* [GIVEN DATA]
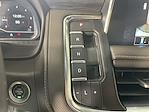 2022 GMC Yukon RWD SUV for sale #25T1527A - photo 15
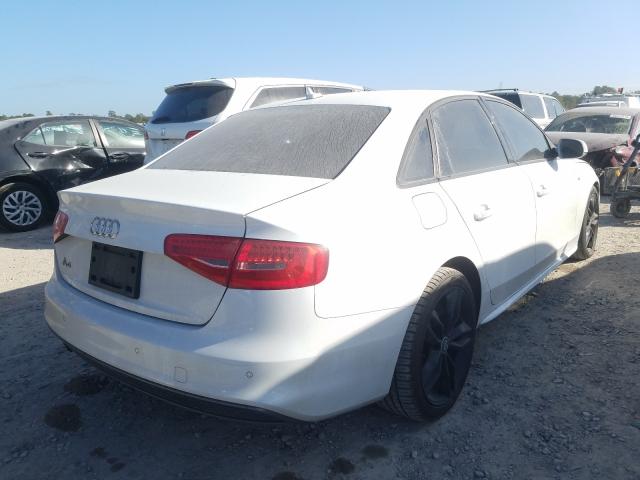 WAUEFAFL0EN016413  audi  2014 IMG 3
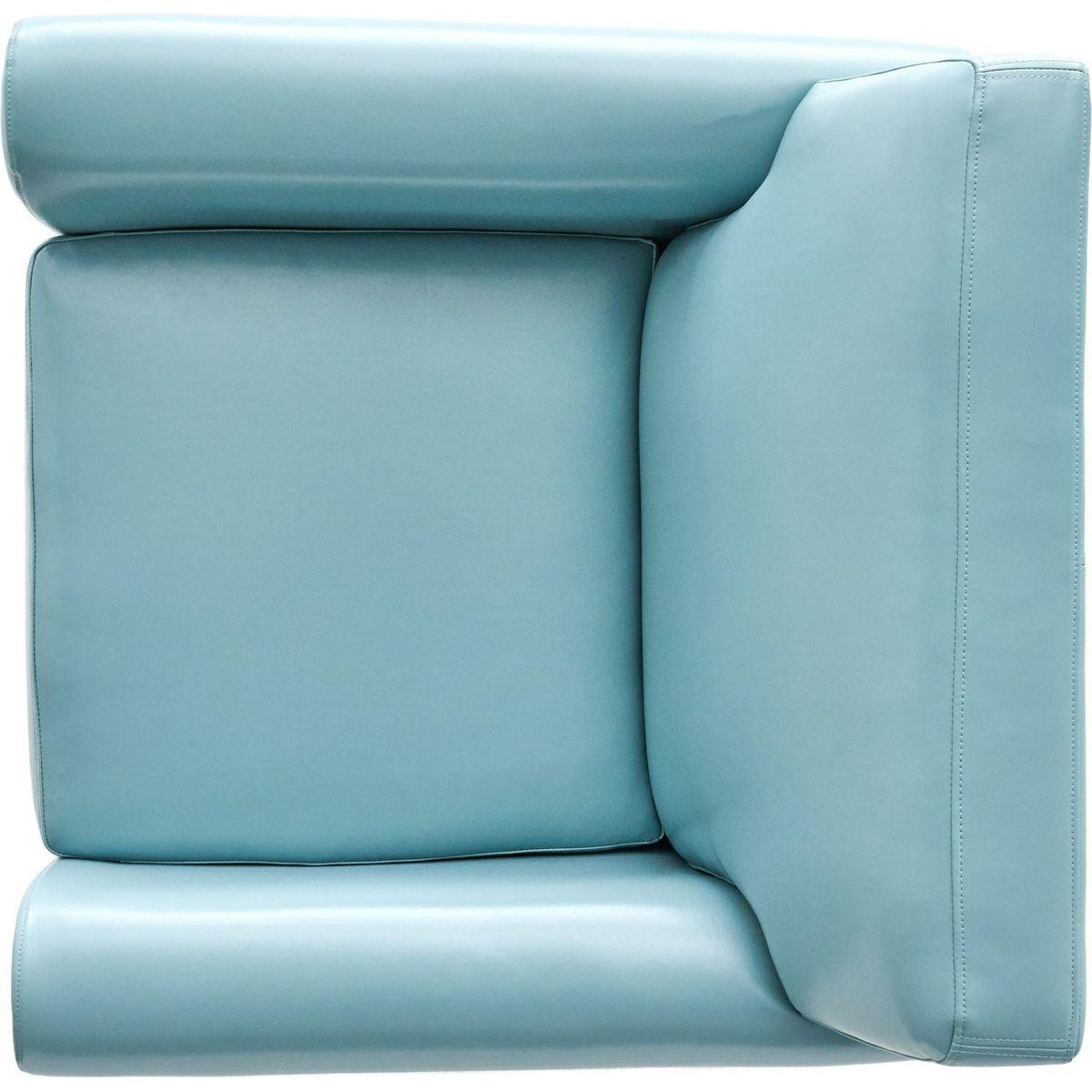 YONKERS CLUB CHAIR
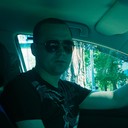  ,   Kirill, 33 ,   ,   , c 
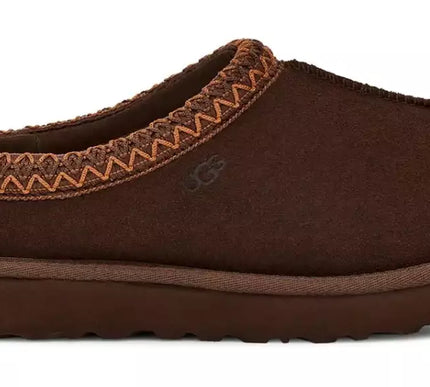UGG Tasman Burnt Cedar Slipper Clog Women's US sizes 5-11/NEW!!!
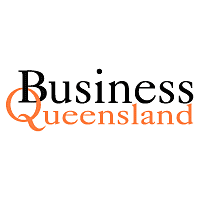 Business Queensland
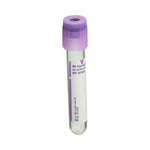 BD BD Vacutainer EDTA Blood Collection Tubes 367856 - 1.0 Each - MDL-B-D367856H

* [WHAT TO PRODUCE] Everything from the line containing "YONKERS CLUB CHAIR" to the last line of the records above should be reproduced exactly, except the pictures.

* [TASK RESPONSE]
 YONKERS CLUB CHAIR
  ,   Kirill, 33 ,   ,   , c 
UGG Tasman Burnt Cedar Slipper Clog Women's US sizes 5-11/NEW!!!
 Business Queensland
 BD BD Vacutainer EDTA Blood Collection Tubes 367856 - 1.0 Each - MDL-B-D367856H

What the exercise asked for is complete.